## RECORDS
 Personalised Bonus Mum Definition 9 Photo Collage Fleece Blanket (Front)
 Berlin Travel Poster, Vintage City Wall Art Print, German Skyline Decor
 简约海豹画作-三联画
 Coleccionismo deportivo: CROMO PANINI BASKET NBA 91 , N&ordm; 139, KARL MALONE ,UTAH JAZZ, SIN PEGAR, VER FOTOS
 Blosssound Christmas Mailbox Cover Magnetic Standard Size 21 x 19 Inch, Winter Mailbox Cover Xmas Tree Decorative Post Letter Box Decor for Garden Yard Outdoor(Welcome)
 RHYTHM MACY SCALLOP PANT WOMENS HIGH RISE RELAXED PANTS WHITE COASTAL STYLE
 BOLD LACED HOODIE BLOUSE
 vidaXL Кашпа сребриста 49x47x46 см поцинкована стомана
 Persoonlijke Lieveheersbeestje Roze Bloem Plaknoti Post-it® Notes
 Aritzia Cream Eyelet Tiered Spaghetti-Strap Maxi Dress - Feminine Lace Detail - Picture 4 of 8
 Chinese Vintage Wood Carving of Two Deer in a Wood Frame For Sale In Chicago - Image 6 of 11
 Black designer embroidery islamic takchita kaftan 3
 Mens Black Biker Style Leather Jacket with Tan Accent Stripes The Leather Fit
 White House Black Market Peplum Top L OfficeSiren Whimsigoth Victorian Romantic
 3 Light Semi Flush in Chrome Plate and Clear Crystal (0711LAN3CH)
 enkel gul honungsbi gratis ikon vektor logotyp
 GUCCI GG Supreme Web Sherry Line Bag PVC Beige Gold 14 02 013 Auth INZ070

## ACTIVITY
Copy exactly the lines above, starting at the opening line and finishing at the line in which "Chinese Vintage Wood" occurs.

## YOUR SOLUTION
 Personalised Bonus Mum Definition 9 Photo Collage Fleece Blanket (Front)
 Berlin Travel Poster, Vintage City Wall Art Print, German Skyline Decor
 简约海豹画作-三联画
 Coleccionismo deportivo: CROMO PANINI BASKET NBA 91 , N&ordm; 139, KARL MALONE ,UTAH JAZZ, SIN PEGAR, VER FOTOS
 Blosssound Christmas Mailbox Cover Magnetic Standard Size 21 x 19 Inch, Winter Mailbox Cover Xmas Tree Decorative Post Letter Box Decor for Garden Yard Outdoor(Welcome)
 RHYTHM MACY SCALLOP PANT WOMENS HIGH RISE RELAXED PANTS WHITE COASTAL STYLE
 BOLD LACED HOODIE BLOUSE
 vidaXL Кашпа сребриста 49x47x46 см поцинкована стомана
 Persoonlijke Lieveheersbeestje Roze Bloem Plaknoti Post-it® Notes
 Aritzia Cream Eyelet Tiered Spaghetti-Strap Maxi Dress - Feminine Lace Detail - Picture 4 of 8
 Chinese Vintage Wood Carving of Two Deer in a Wood Frame For Sale In Chicago - Image 6 of 11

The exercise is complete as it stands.